Pretty common here after shutting off the water...


----------



## 130 PLUMBER (Oct 22, 2009)

Looks like the water heater needs some TLC:laughing::laughing:


----------



## plbgbiz (Aug 27, 2010)

130 PLUMBER said:


> Looks like the water heater needs some TLC:laughing::laughing:


Not this time. That's the cold line.


----------



## 130 PLUMBER (Oct 22, 2009)

It looks like sediment build up from the dip tube


----------



## U666A (Dec 11, 2010)

What is that stuff John?!?

I changed a showerhead for a friend a couple of years ago and had to take it apart due to low flow. Inside were what looked like sesame seeds... weird.


----------



## 130 PLUMBER (Oct 22, 2009)

Looks like$$$$$$:laughing:


----------



## rocksteady (Oct 8, 2008)

It looked like lime scale to me too but I did notice it was on the cold side. Is this fed by a well?








Paul


----------



## Mississippiplum (Sep 30, 2011)

Lime scale and/or calcium


----------



## Will (Jun 6, 2010)

Looks like good ol' Oklahoma City water.


----------



## Richard Hilliard (Apr 10, 2010)

I am sure you checked that the water lines are not crossed. Thought I would mention this, Delta monitor valves in the 90’s used to be manufactured for back to back installation and all you had to do was reverse the cartridge.

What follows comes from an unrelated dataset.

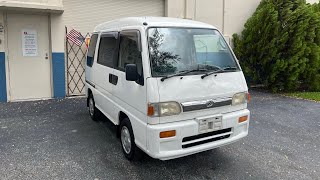 1997 Subaru Sambar Dias 4WD KV4 Mini Van (Walkthrough and Driving)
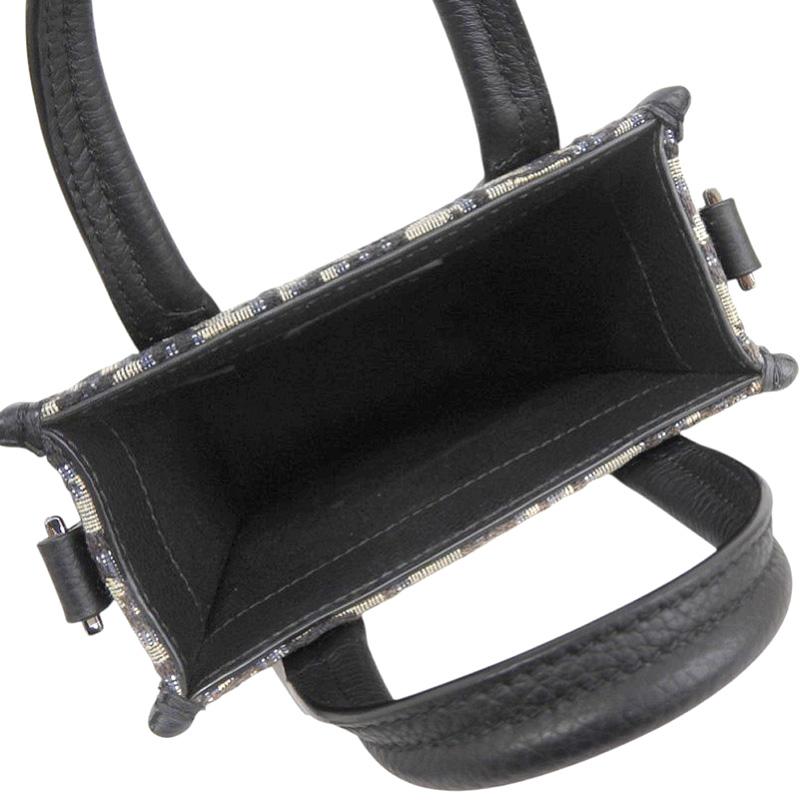 ディオール CHRISTIAN DIOR サファリ ノースサウスミニトート 2WAYショルダーバッグ キャンバス レザー ベージュ 紺 黒 中古 新入荷 OB2574 Christian Dior（クリスチャン・ディオール） ディオール サファリ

That looks like some of the sand at our beach at Turtle Beach.

How hard is the water in that area?


----------



## plbgbiz (Aug 27, 2010)

They are on a rural water system so it is treated to a degree. Actually their fixtures don't look that bad. The pieces were a bit curved and this showed up after installing a new tub valve in another bathroom on the other side of the house. Hot and cold are on the correct sides and the valve is right side up.

Some of the pieces were a bit curved and they were all the same thickness. Probably just a thin layer of calcium build up on the copper lines that broke loose when the water was shut down. It only happened once and only on the cold side of this fixture. :blink:

It's pretty common to have a thin layer of scale here. Even on treated water. There are a lot of extra fittings at the PRV in the meter box. Maybe it all started there.


----------



## Joseph clegg (Nov 12, 2011)

I'll be damd if that doesn't look like a disintegrated dip tube. But then it would be on the hot side obviously. But thats some lime scale.


----------